= Susan Miles =

British author

Susan Miles was the pen name of Ursula Wyllie Roberts (1887–1975).

==Biography==
She was born at Meerut in India, where her father was in the British army. He was Lieutenant-Colonel Robert John Humphrey Wyllie and her mother was Emily Titcomb.

Under her own name, she wrote a pamphlet The Cause of Purity and Women's Suffrage which was published by the Church League for Women's Suffrage in 1912.

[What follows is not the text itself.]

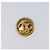 Boucles d'oreilles CHANEL Métal Doré CC Auth 204668 - vue 2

As Susan Miles, she published several slim volumes of poetry: Dunch (1918), Annotations (1922), Little Mirrors (1923?), The Hares (1924), News! News! (1943?), Rainbows (1962), A Morsel of Gold (1962) and Epigrams and Jingles (1962) as well as the more famous novel in verse Lettice Delmer (1958, reprinted by Persephone Books in 2002), two other novels (Blind Men Crossing a Bridge (1934) and Rabboni (1942)) and a biography of her husband, Rev. William Corbett Roberts, Portrait of a Parson (1955). Dunch was sufficiently significant to earn her a reasonably positive mention in Harold Monro's often unforgiving Some Contemporary Poets (1920) and Herbert Palmer described her as "One [of] the most original" in the chapter on Women Poets in his 1938 study of post-Victorian poetry. She also edited Childhood in Verse and Prose (1923) and An Anthology of Youth in Verse and Prose (1925).